For the project, Jupyter Notebooks are an excellent way to prototype your project, but your final deliverable should be a runnable script. You do not need to write code for the Project Proposal, but you and your group should explore your development setup earlier than later to make sure it is appropriate for your project. Below we list some options that you can use for online prototyping of your project, but you should still install Python on your computer so you can write your finalized scripts for the final deliverable.
Local Python Installation¶
Follow the instructions below to set up Python and an editor called Visual Studio Code (VSCode) on your computer. Note that installing software for a new programming language is often a pretty frustrating, so it’s totally expected you might run into issues. Please reach out to the course staff in Office Hours or the Message Board earlier than later to get this set up!
Online Prototyping Tools¶
Note that the following tools are great for prototyping parts of your project, but you should be using your local Python installation to write runnable Python scripts that can handle data of any size.
- Ed Workspaces is the easiest development environment to use since it provides real-time collaboration in the same environment that we’ve been using throughout the course. However, each workspace is limited to 20MB of file storage and 1GB of memory, and you are not allowed to install additional libraries not used in this class, so large datasets and certain libraries may not work.
- Google Colaboratory is an online Jupyter Notebook provided by Google. Think Google Docs but for Jupyter Notebooks. Great resource and easy to setup.
- Jetbrains Datalore is a commercial service offering a powerful online collaboration environment for Jupyter Notebooks. The free tier should be enough for most data analysis and machine learning projects. Note that it is unable to write Python scripts so it may not be suitable for your final submission but can be useful for developing prototypes.
Example: Too Easy Project¶
To give some context for why we have these challenge goals, we provide an example project proposal that is way too simple.
Consider a project proposal that wants to use the following CSV dataset about salaries.
| id | age | salary | gender | location | 
|---|---|---|---|---|
| 1 | 42 | 110000 | F | Seattle | 
| 2 | 23 | 56000 | M | Kenmore | 
| 3 | 18 | 20000 | M | SF | 
| … | … | … | … | … | 
Suppose the project asked the following research questions:
- What is the average age in the data?
- How does salary relate to age?
- What is the average salary by gender?
Is this a good project? In general, it can be a bit hard to say since you can’t base it just on the number of research questions. Instead, you need to think about their depth and how much work would be necessary to answer them. This project ends up being very straight-forward to do in about 4 lines of code! One way to tell this project is too easy is it doesn’t meet any of the challenge goals! As we mentioned before, to adequately meet the challenge goals you will probably be writing at least 120 lines of Python code! That might sound a lot, but that’s already fewer lines than most of your homework assignments!

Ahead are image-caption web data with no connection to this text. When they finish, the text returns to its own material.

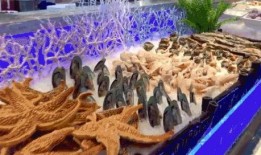 江苏海事吃瓜墙,揭秘航运圈那些事儿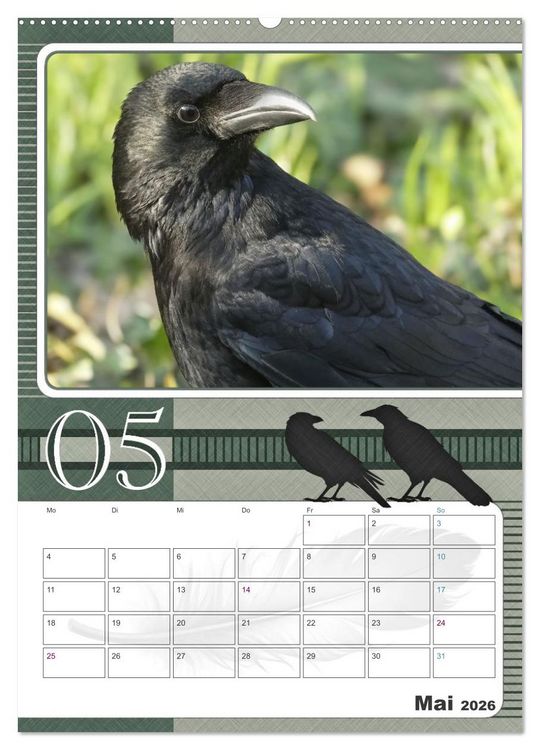 Produktbild: Kr&auml;hen - Clever notiert! Mit K&ouml;pfchen durchs ganze Jahr (hochwertiger Premium Wandkalender 2026 DIN A2 hoch), Kunstdruck in Hochglanz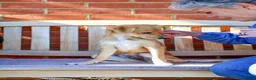Mixed Breed dogs for adoption: Trudy - Advert 1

df = pd.read_csv('data.csv')
# Question 1: What is the average age?
df['age'].mean()
# Question 2: How does salary relate to age?
sns.relplot(x='age', y='salary', data=df, kind='scatter')
# Question 3: What is the average salary by gender?
df.groupby('gender')['salary'].mean()
It’s definitely okay to have some easier questions to build up a narrative in your report, but we are looking for you to challenge yourself on this project!
Past Project Gallery¶
For some example reports and slides, please refer to our past project gallery. Note: Some of these projects were before we added challenge goals and changed the spec so there might be some inconsistencies between their reports and what we are asking you to do.
Grading¶
There is no formal grade for this part of the project. All components of the project are incorporated into the 6 points awarded for the final project– some on completion, some on quality. (Up to 2 additional bonus points may be awarded for projects demonstrating above and beyond quality.) Satisfactory completion of this part of the project goes towards the completion points of the final point calculation. More details about project grading will be posted for the Code/Report part of the project; at this point you don’t need to worry about grades as completing all the required components on time will be counted as completed.
Submission¶
Your project proposal is due on Monday 7/21 at 11:59pm, Seattle time. Submit your proposal as a PDF file on Gradescope. Remember that you cannot submit any part of the project late and you can not use the resubmission process for take-home assessments to make submissions after the due date.
Submit your Part 1 as a PDF file. Do not turn in a Word document or plain text. Only one group member needs to submit your report on Gradescope and should use Group Members functionality to add the appropriate partner if you have one. If you want to learn about how to add Group Members on Gradescope, please see instructions here. Group members that are not listed in Gradescope by the due date will be marked as not submitted.